NEW YORK / ETATS-UNIS
New York vient d’inaugurer son tout dernier centre d’art multidisciplinaire, qui entend produire des œuvres croisant arts visuels et arts vivants.
New York. Depuis la 30e Rue à New York, The Shed excite la curiosité. Les passants lèvent un regard interrogateur vers ce gigantesque toit molletonné qui, à la façon d’un étui roulant, recouvre l’édifice et semble, malgré ses 37 mètres de hauteur, aussi amovible qu’un jouet géant. Quelques jours avant son ouverture au public le 5 avril, il faut contourner quelques équipes de chantier pour se hisser jusqu’aux portes flambant neuves du nouvel espace artistique à but non lucratif, l’un des joyaux de Hudson Yards, dernier quartier de New York inauguré au mois de mars sur le flanc ouest de Manhattan.

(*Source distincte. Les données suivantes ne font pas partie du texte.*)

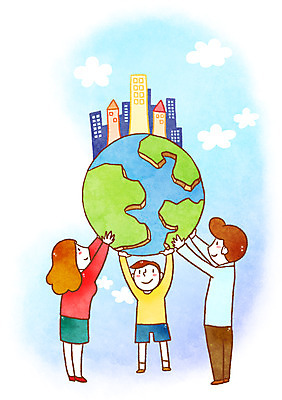 PSD 구름 여자 남자 어린이 일러스트 가족 빌딩 성인 세명 희망 지구모양 들어올리기 국내일러스트 자연요소 모양 감정 지구 관계 모션 사람 건물 파일형식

À l’intérieur, on ajuste les escalators, on inspecte les salles et on peint les murs au milieu de journalistes venus nombreux examiner les lieux, dont la construction seule a coûté 404 millions de dollars [plus de 360 M€]. La question s’entend dans les couloirs : « A new art center in New York, really ? » (« Un nouveau centre d’art à New York, vraiment ? »). Dans l’une des plus grandes capitales mondiales de l’art où les institutions culturelles pullulent, que compte apporter ce « petit » dernier, qui a attiré des investisseurs comme Jonathan Tisch, Michael Bloomberg et Frank McCourt ? « The Shed est un centre de production pour toutes les formes d’art, que ce soient des performances, des arts visuels ou de la culture populaire, pour tous les artistes, établis ou émergents, et pour tous les publics », répond Alex Poots, directeur général et directeur artistique du centre.
Sous le plafond vertigineux du McCourt Plaza, le plus grand espace du Shed avec ses 1 600 mètres carrés, Elizabeth dite « Liz » Diller [cofondatrice de l’agence Diller Scofidio + Renfro], architecte star qui a dessiné le bâtiment, confie au Journal des Arts : « Nous avons commencé à concevoir le projet à partir de rien, ou seulement d’un point d’interrogation : comment imaginer une nouvelle entité qui a pour philosophie de présenter tous les arts dans un seul espace, sous le même toit, y compris les arts du futur que l’on ne peut pas prédire ? » L’architecte, à qui l’on doit entre autres la célèbre High Line, une ancienne voie ferrée surélevée transformée en parc à deux pas du centre, s’est donc donné pour mission de concevoir un bâtiment « le plus flexible et amovible possible ».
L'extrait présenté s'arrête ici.